In a financial landscape increasingly captivated by the allure of cryptocurrencies, Sharmin Mossavar-Rahmani stands as a steadfast beacon of skepticism. As the Chief Investment Officer of Goldman Sachs Wealth Management for over two decades, Mossavar-Rahmani has adeptly navigated through the complexities of the financial markets, advocating for traditional investment principles.

Despite the escalating trend of digital currencies, she remains unwavering in her critical stance, a position not only reflective of her own convictions but also echoed by the lack of interest in cryptocurrencies among her clients. Her tenure has seen her advising wealth advisers, clients, and traders, with her insights not only shaping investment strategies but also highlighting a collective caution towards the speculative nature of crypto investments.
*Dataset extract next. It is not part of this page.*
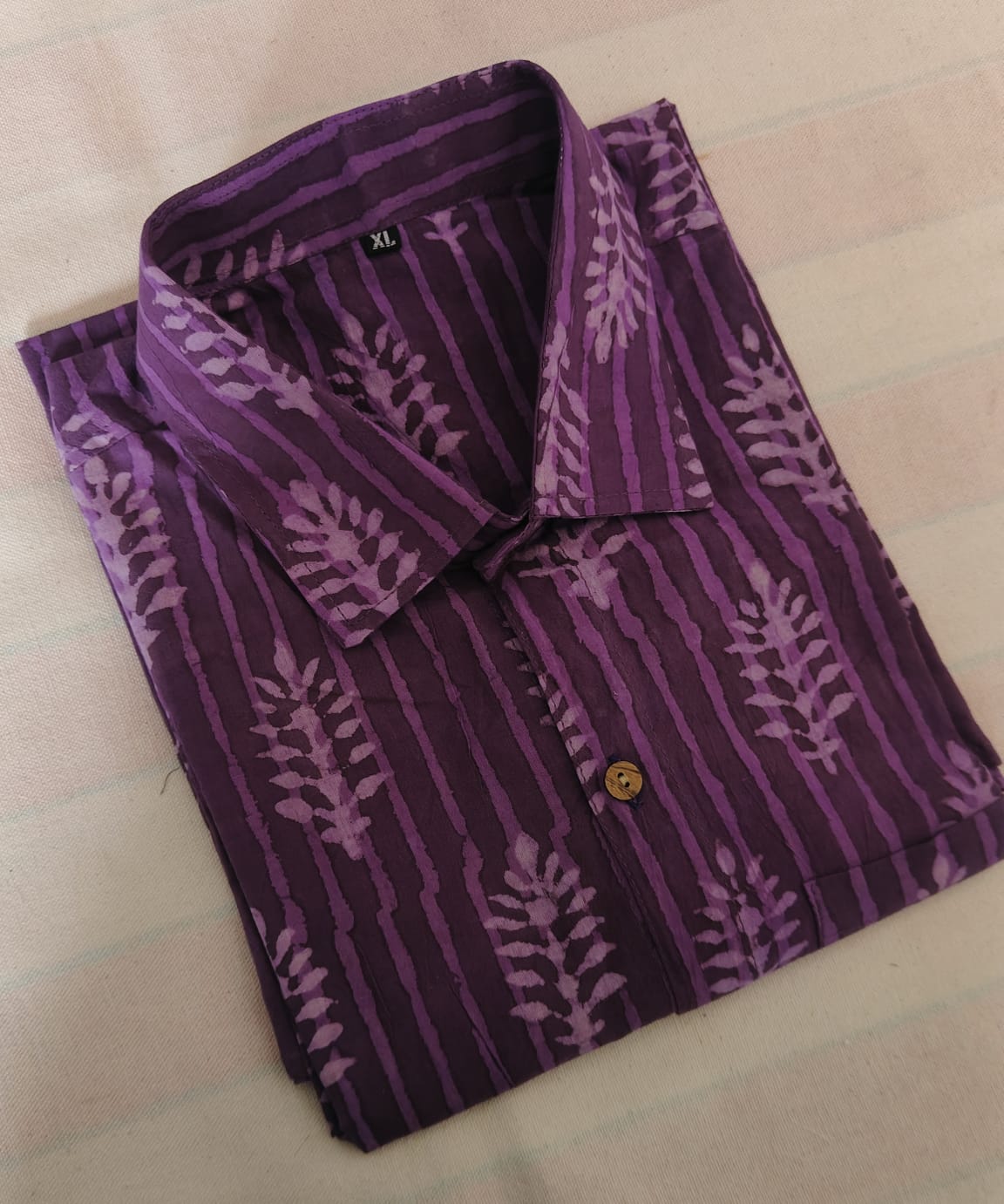 Hand Block Printed Pure Cotton Men’s Shirts – Natural Dye & Handcrafted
According to a report by Gregory Zuckerman for The Wall Street Journal (WSJ) that was published yesterday, this view was epitomized in a memorable encounter with a Goldman Sachs intern in the summer of 2022. The intern, a crypto owner, was met with Mossavar-Rahmani’s critical view of cryptocurrency investments as speculative ventures with uncertain futures. This incident highlights Mossavar-Rahmani’s consistent approach to crypto: a blend of caution and rigorous analysis.

It seems that despite Bitcoin’s impressive surge in value by 57% to around $66,000 in the current year, Mossavar-Rahmani still has not changed her opinion of crypto, a stance maintained by JPMorgan Chase CEO Jamie Dimon. This position is increasingly isolated as other financial behemoths like BlackRock and Fidelity dive into the crypto pool, simplifying the investment process for the average person and challenging traditional market dynamics.
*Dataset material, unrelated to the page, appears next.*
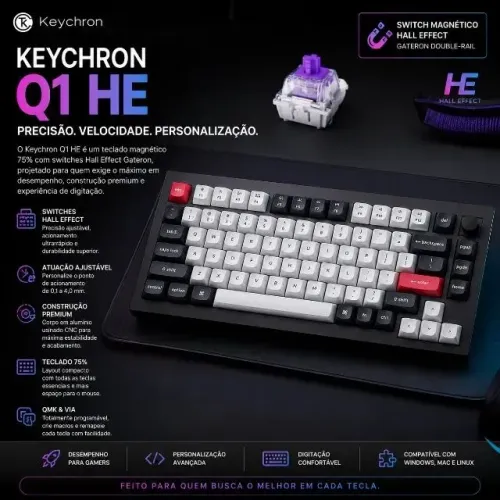 Teclado Magnético Keychron Q1 HE (SP)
According to Zuckerman’s report, Mossavar-Rahmani’s reluctance stems from a core belief: the indeterminate value of cryptocurrencies. With no earnings, cash flow, or dividends, she argues that cryptocurrencies defy the basic principles of investment valuation.

She told WSJ:

We do not think it is an investment asset class … We’re not believers in crypto … If you cannot assign a value, then how can you be bullish or bearish?

This view is further reinforced by her personal journey from Iran to the West, imbuing her with a deep appreciation for democracy, the rule of law, and the traditional financial systems that underpin them.

The WSJ article goes on to say that her critique of cryptocurrencies extends beyond their volatility; she sees them as a facilitator of illicit activities, challenging the very fabric of societal governance and law. This perspective was shared in a comprehensive critique titled “Digital Assets: Beauty is Not in the Eye of the Beholder,” published by Mossavar-Rahmani and her team in June 2021. The document underscores the volatility of Bitcoin and questions its viability as a widespread medium of exchange.

Contrary opinions, such as those from Matt Hougan of Bitwise Investments, argue that the absence of cash flow does not inherently negate value, pointing to Bitcoin’s remarkable performance and its utility in wealth storage without centralized control. Nevertheless, Mossavar-Rahmani remains steadfast, acknowledging only the potential benefits of digitizing tangible assets and the theoretical utility of central-bank digital currencies. Her philosophy holds that the tangible, intrinsic value found in physical assets like gold—despite its own valuation challenges—far outweighs the speculative allure of cryptocurrencies.